**YOUR INSTRUCTIONS**
Pictures do not belong in the copy; quote every entry below exactly.

**Captioned web image data**
* * * * * * *

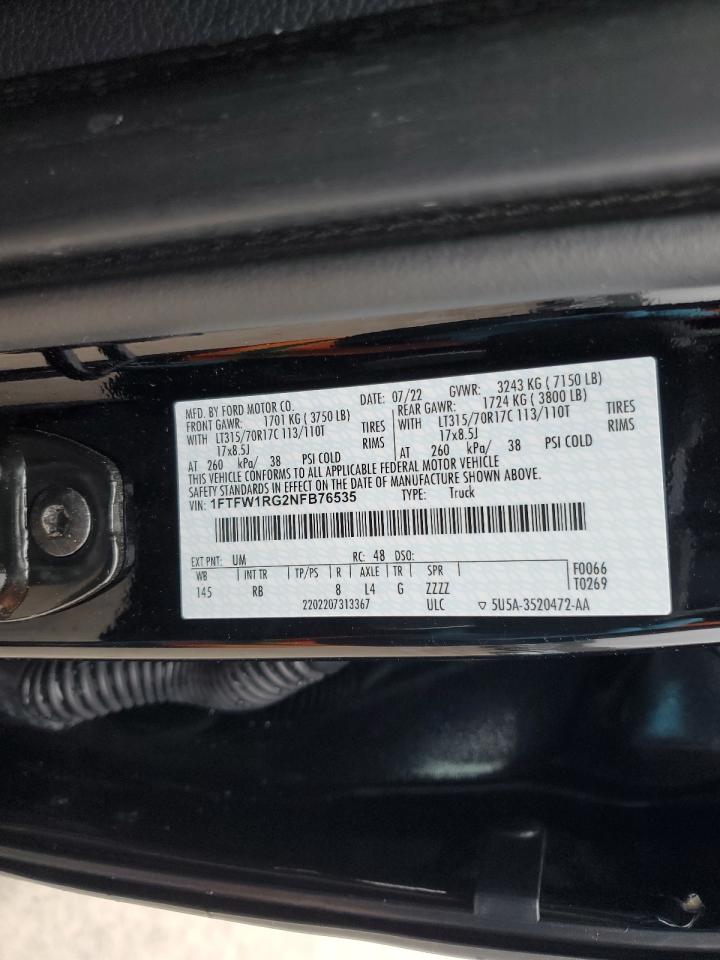 2022 FORD F150 RAPTOR VIN:1FTFW1RG2NFB76535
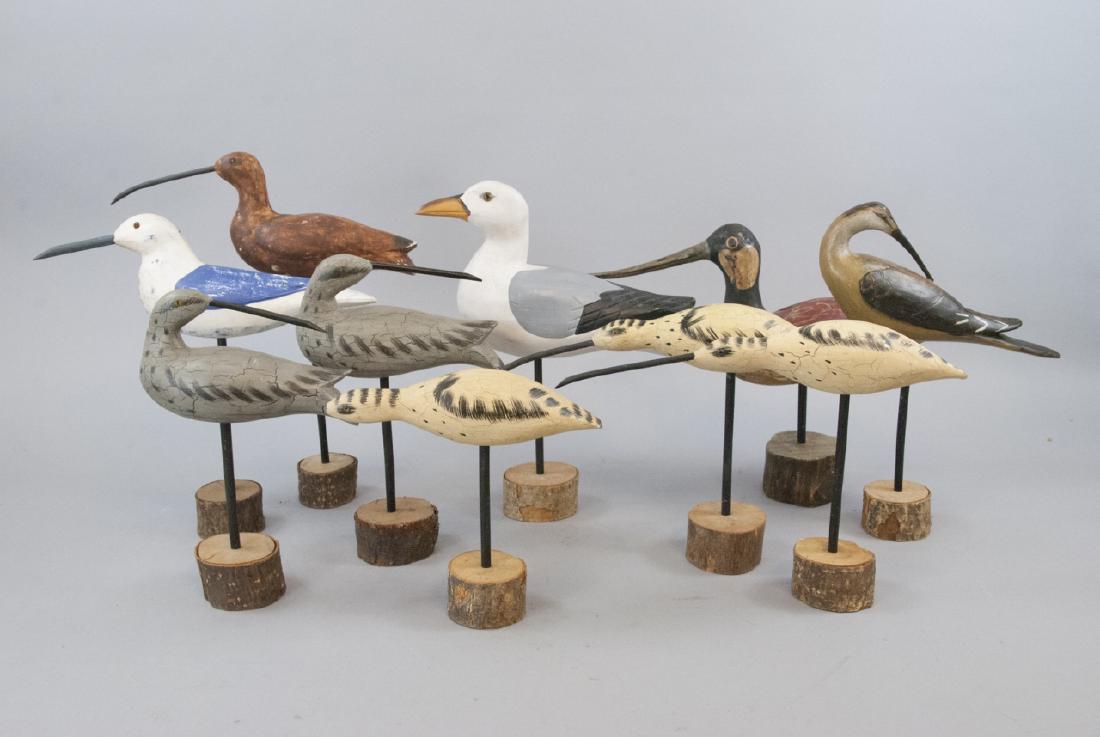 Lot Of Antique & Vintage Bird Sculptures W/ Stands: Lot Of Antique & Vintage Bird Sculptures W/ Stands, this lot features a variety of hand carved and hand painted birds, most with stands and are all different species and sized, the largest is a seagul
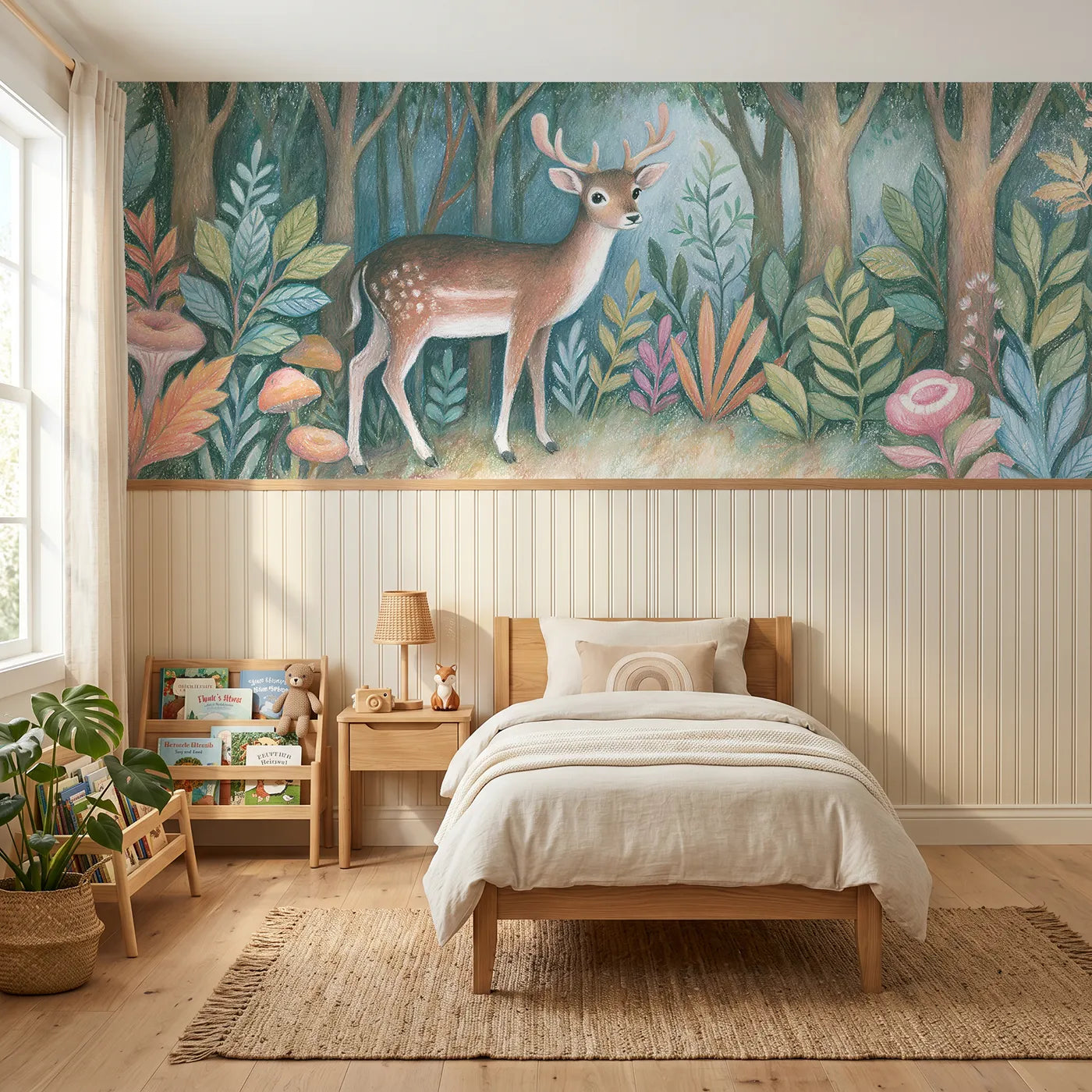 Colored pencil wainscoting wallpaper of a fallow buck in velvet by Whimsy Tots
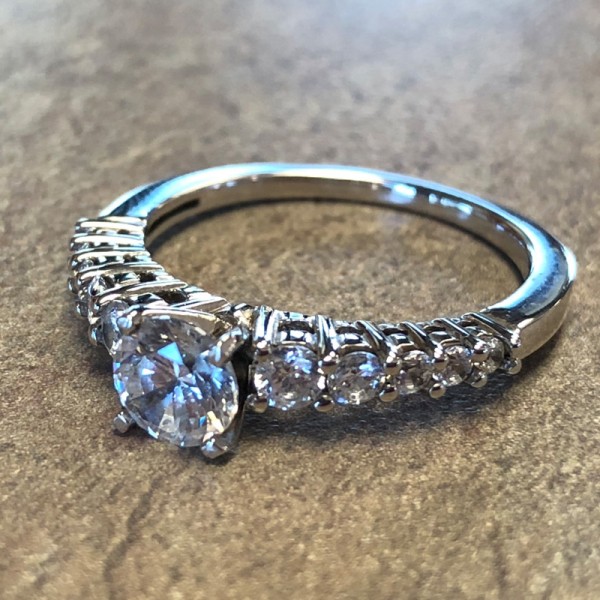 14K White Gold Diamond Accent Engagement Ring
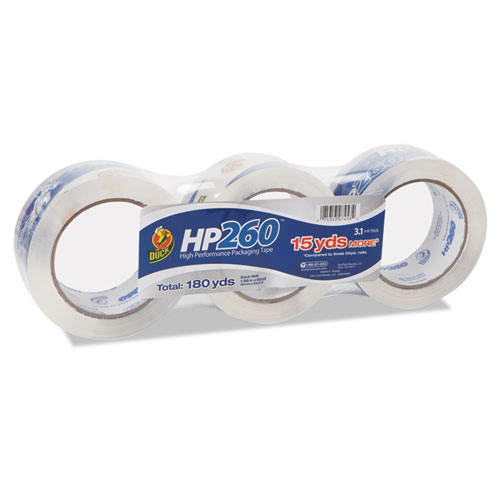 Duck® HP260 Packaging Tape, 3" Core, 1.88" x 60 yds, Clear, 3/Pack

* * * * * * *

**REPLY TO THE TASK**
 2022 FORD F150 RAPTOR VIN:1FTFW1RG2NFB76535
 Lot Of Antique & Vintage Bird Sculptures W/ Stands: Lot Of Antique & Vintage Bird Sculptures W/ Stands, this lot features a variety of hand carved and hand painted birds, most with stands and are all different species and sized, the largest is a seagul
 Colored pencil wainscoting wallpaper of a fallow buck in velvet by Whimsy Tots
 14K White Gold Diamond Accent Engagement Ring
 Duck® HP260 Packaging Tape, 3" Core, 1.88" x 60 yds, Clear, 3/Pack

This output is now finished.